Partnerships UK, the OGC and Intellect UK have published the new “Negotiating Guidance for the OGC ICT Services Model Agreement.”

The main issues that that the Guidance focuses on are supply chain rights; due diligence; authority termination for convenience and limits of liability and indemnity. This article examines each of these points in some detail and the implications of them for the procuring authority.

Supply Chain Rights - The Guidance provides a number of optional supply chain rights provisions which dependent upon the circumstances may be relevant. These include the Authority right to withhold or delay consent in certain situations; flow down provisions; the use of Direct Agreements; Authority Consent requirements for termination of sub-contracts; the Authority’s right to require a sub-contract termination in certain circumstances and the Authority’s right to use existing Authority sub-contracts that are more favourable than those negotiated by the contractor.

It should however be borne in mind that the inclusion of the provisions should be considered with reference to the project specifics in order to avoid delay due to greater negotiation and added costs in the private sector accepting all the added risks when not appropriate.

As such procuring authorities should ensure when negotiating that critical services are not put at risk by supply chain failures; the contracts only pass down those provisions that are appropriate to the sub-contractors role in delivering the services and the continued provision from a critical sub-contractor is protected even if there are problems with the contractor to maintain service delivery.

Due Diligence - The Guidance confirms that due diligence provisions are essential as they place a clear responsibility on the contractor to ensure that the site and system is understood and fit for those services. The contractor is therefore liable for any further work needed which was not identified. This position requires the Authority to support and assist the contractor in carrying out the due diligence and table sufficient time. In recognition of the fact that this is not always the case the Guidance provides the option of a price varying mechanism to address certain due diligence risks.

Authority Termination for Convenience – Authority rights to terminate for convenience are set around the principle need to protect the public purse in the event of a change in Government or policy. The Guidance recognises the importance of this provision given the pending General Election, but also the disproportionate impact that this could have on a contractor, particularly in lager more complex projects where they were seeking to recover costs over a number of years.

The Guidance highlights the need for the Authority in negotiating any such voluntary termination provisions to be mindful of the impact and sensitivity of this issue for the contractor although in reality such termination is ordinarily only a last resort. In addition the Authority may wish to consider the relative benefits of setting an initial period when the termination for convenience provisions could not be invoked, thus reducing the risk on the contractor and in turn the premium that the contractor will charge to include taking on such risk.
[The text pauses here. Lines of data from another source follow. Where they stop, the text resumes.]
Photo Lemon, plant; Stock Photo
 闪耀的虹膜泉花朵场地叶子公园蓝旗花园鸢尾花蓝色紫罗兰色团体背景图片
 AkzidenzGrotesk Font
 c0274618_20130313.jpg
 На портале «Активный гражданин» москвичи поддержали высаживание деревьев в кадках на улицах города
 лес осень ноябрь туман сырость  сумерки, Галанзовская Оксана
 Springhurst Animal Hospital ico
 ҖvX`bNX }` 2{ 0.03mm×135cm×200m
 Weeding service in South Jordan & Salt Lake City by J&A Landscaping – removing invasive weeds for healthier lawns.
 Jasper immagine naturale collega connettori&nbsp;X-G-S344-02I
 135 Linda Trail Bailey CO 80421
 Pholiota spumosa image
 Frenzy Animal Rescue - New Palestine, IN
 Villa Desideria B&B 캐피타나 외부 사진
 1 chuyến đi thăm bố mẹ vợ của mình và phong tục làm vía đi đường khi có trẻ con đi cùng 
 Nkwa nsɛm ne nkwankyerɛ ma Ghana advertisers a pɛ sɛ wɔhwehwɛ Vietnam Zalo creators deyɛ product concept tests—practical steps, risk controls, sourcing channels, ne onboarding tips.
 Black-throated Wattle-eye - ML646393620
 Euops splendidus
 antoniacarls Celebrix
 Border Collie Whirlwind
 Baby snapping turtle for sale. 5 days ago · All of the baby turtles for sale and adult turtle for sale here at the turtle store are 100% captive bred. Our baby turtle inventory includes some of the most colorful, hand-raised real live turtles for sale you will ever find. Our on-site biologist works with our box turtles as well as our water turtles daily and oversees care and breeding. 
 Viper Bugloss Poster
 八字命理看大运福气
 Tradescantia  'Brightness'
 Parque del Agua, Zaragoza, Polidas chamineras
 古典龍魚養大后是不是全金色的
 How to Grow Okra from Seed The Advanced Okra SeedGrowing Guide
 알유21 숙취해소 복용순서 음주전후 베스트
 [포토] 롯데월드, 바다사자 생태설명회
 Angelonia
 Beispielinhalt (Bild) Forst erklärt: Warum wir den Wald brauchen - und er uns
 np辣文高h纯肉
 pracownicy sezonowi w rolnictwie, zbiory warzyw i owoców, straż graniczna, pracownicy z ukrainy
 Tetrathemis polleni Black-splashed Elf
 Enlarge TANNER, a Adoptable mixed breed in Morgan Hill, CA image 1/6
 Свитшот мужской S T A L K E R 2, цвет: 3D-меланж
Limits of Liability & Indemnity – The Guidance confirms that these provisions should set out an allocation of risk and a cap on the extent of that risk for each party on a case by case basis. The Guidance clarifies that commercial organisations should only be expected to have levels of liability that are proportionate to the risks and potential financial returns of the project. The Guidance recommends that Authority’s lead negotiations on these provisions with a realistic idea of the limits of liability. If the liability is not proportionate to the risks this may reduce value for money by way of increased premiums set by the contractor to take account of the added risks. The Guidance clarifies that only liabilities that can not be limited by law should remain uncapped; all risks should be assessed on a case by case basis and the Authority should ensure that risks flow down correctly into any sub-contracts. Finally the Guidance clarifies that an indemnity in respect of IT infringements should be used in every case irrespective of circumstance.

For procuring authorities there may be the temptation to try to push as much risk as possible onto the contractor, however in reality this will only lead to long drawn out and difficult negotiations and an price that no longer reflects value for money as the contractor will add a price to take on any additional risk and particularly those risks that they are not best placed to manage.

In conclusion procuring authorities need to ensure that they fully understand the services that they are procuring and the specifics of the case, allow adequate time for due diligence and are realistic and commercial in their negotiations to avoid added time and costs of seeking to pass too much risk to the private sector.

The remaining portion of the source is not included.